__What the task requires__. From the line that contains "ジェネピア東千葉のエントランス" to the last line of the data below, transcribe every line exactly. Do not include the pictures.

__Collected material__.
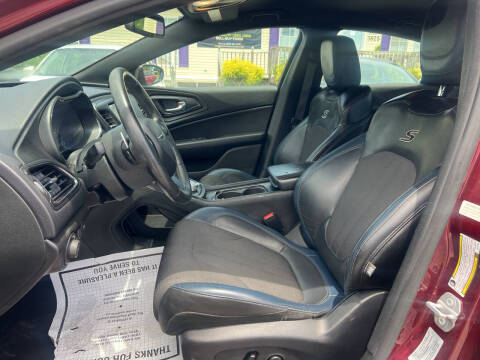 2015 Chrysler 200 S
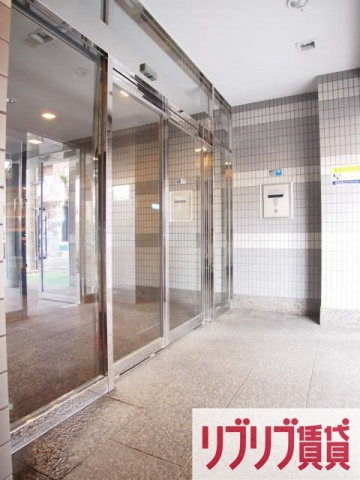 ジェネピア東千葉のエントランス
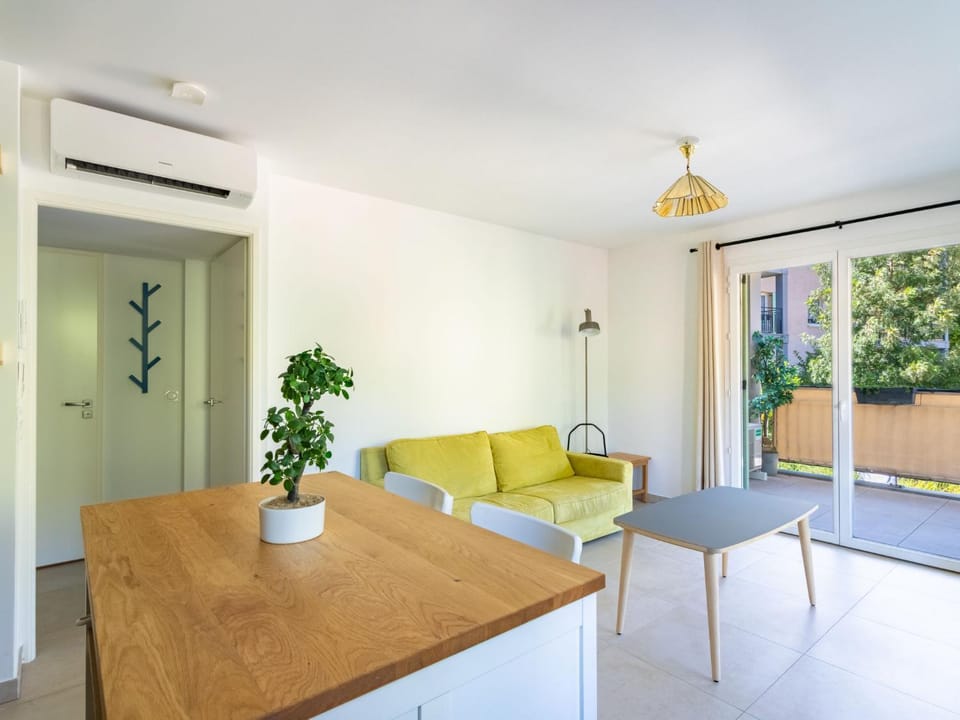 Apartment Le Clos Jardin-4 by Interhome Apartment in Bormes-les-Mimosas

__Written response__.
 ジェネピア東千葉のエントランス
 Apartment Le Clos Jardin-4 by Interhome Apartment in Bormes-les-Mimosas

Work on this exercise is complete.